When good breeding years provide a sufficient number of grouse, we often try driving. Impromptu butts are easily made up from pallets and netting, and I’ve been on many walked-up days which ended up dabbling in a drive or two. Teams of guns take it in turns to “walk one, drive one” and the effect can sometimes be quite successful. You don’t need many birds over your butt to imagine how it might feel on a full day at Gunnerside or Wemmergill, and many smaller moors often play down their potential for driving because they don’t feel that they can compete with the big names. In reality, some of the best and most exciting driven grouse I have ever seen has been on improvised days on moors which are usually geared towards more modest sport, and while I’ve seen my fair share of disastrous blank drives, it is often worth rolling the dice.
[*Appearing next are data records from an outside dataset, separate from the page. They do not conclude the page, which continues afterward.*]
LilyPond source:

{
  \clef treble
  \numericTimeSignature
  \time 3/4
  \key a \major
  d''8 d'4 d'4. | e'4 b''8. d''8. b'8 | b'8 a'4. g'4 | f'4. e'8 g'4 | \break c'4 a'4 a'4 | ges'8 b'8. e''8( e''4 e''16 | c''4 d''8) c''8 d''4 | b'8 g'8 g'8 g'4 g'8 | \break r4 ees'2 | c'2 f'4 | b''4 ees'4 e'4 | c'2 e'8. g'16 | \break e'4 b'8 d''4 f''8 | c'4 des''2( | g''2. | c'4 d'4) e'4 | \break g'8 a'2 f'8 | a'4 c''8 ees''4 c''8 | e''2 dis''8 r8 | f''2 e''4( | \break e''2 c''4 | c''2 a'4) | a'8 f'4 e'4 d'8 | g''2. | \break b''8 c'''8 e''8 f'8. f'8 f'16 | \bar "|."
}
To my dying day I will remember a single, wizened old grouse cock as he came hurtling over the shoulder of Ben Rinnes above Aberlour, ground which is usually shot with pointers. The bird was backlit against snow and fallen scree, and I knew he was done for as soon as my finger found the trigger. He must have been 60 yards away when the shot left my barrel, but he was just behind my butt when he finally rolled to a halt. His speed and momentum had been incredible, and I was doubly delighted to find he was one of those scarce and vaunted “black” cocks, which sometimes crop up here and there, particularly on Speyside. He was treacly brown all over with a smattering of white chevrons on his breast – a hero taken at his best without the pomp and circumstance of formal driven shooting.
I have similarly powerful memories of a roaring covey of birds which came sliding across the contours towards me on a walked-up day in Derbyshire. We were instructed to hide behind the stones of an old wall which ran in a slight gully across the hill. The keeper had grumbled that the drive was hardly worth doing, but we were keen to try it as a brief diversion after lunch with a few birds already in the bag. No more than 15 grouse crossed the line, but I was on rare and unusually fine form, killing three of them to two shots and all stone dead, well out in front.
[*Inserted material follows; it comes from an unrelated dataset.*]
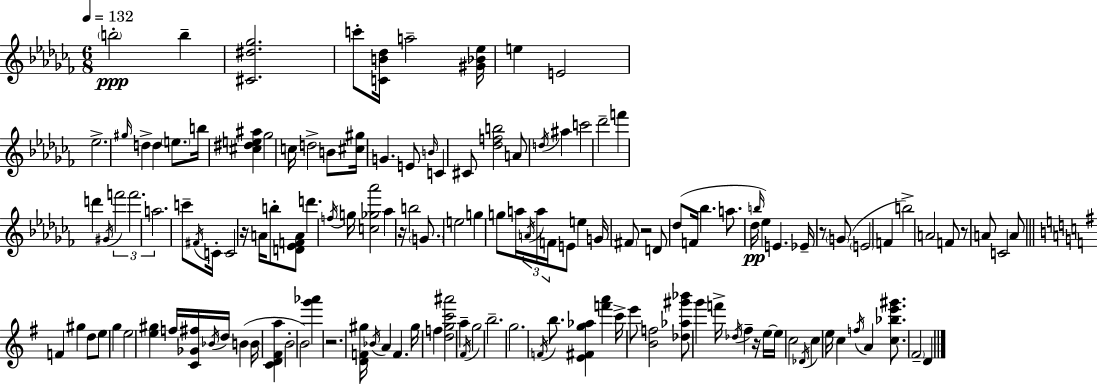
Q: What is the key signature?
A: AES minor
Opportunistic and often pretty makeshift, these little drives have a charm all of their own, and they have the “pot luck” ability to punch well above their weight. Standing along the edge of a young spruce plantation in Argyllshire, I felt I had drawn the dud peg, but I was right on hand to see a dozen black game pass within a few feet of my head as they exited the drive. I could have touched the nearest one with my hand, and I couldn’t wait until the drive was over to ask where they had come from and who else had seen them. My host laughingly confessed he had knowingly placed me in “cow corner” because there were too many guns for the drive, and he had thought it was more likely I would shoot a pigeon than a grouse. In the event, I was the only one who had seen the black game and the encounter was far more thrilling than a dozen grouse might have been.
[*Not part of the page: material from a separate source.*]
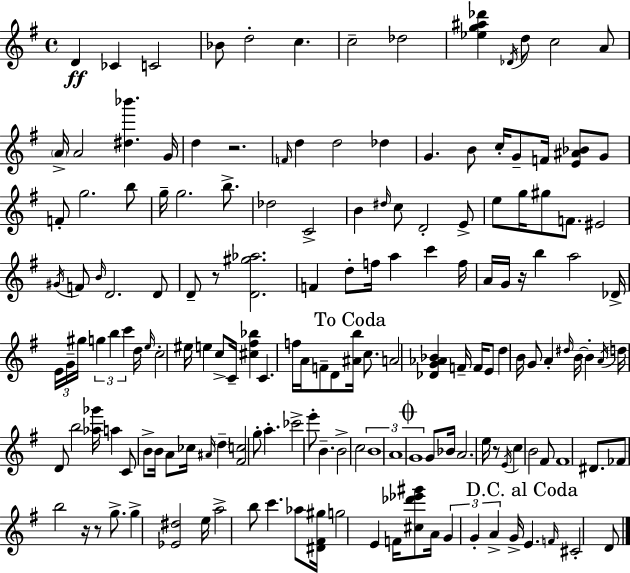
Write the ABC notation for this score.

I can also hardly ignore a similar story from Galloway when we attempted a drive to break up two long periods of walking-up grouse. The guns split in two, and I became a temporary beater as we walked out a likely section of hill towards our friends, who keenly kneeled out of sight in a long peat hagg. The shots soon started to ring out, but they were confined to one end of the line. We were keen to find out what had happened, and could hardly believe the gun on the far right had shot four grouse, a snipe and a fox. Nobody else had seen a thing worth raising their gun to, and although we have repeated the drive many times, it has been a total blank ever since.
Driven grouse shooting is rightly held up as some of the most exciting and spectacular sport in the world. Having enjoyed many days working (and occasionally shooting) on some of the biggest and best moors in the country, I can vouch for the tremendous spectacle and challenge presented when grouse are shown to their full potential. But that does not mean that a more modest form of driven grouse does not warrant celebration.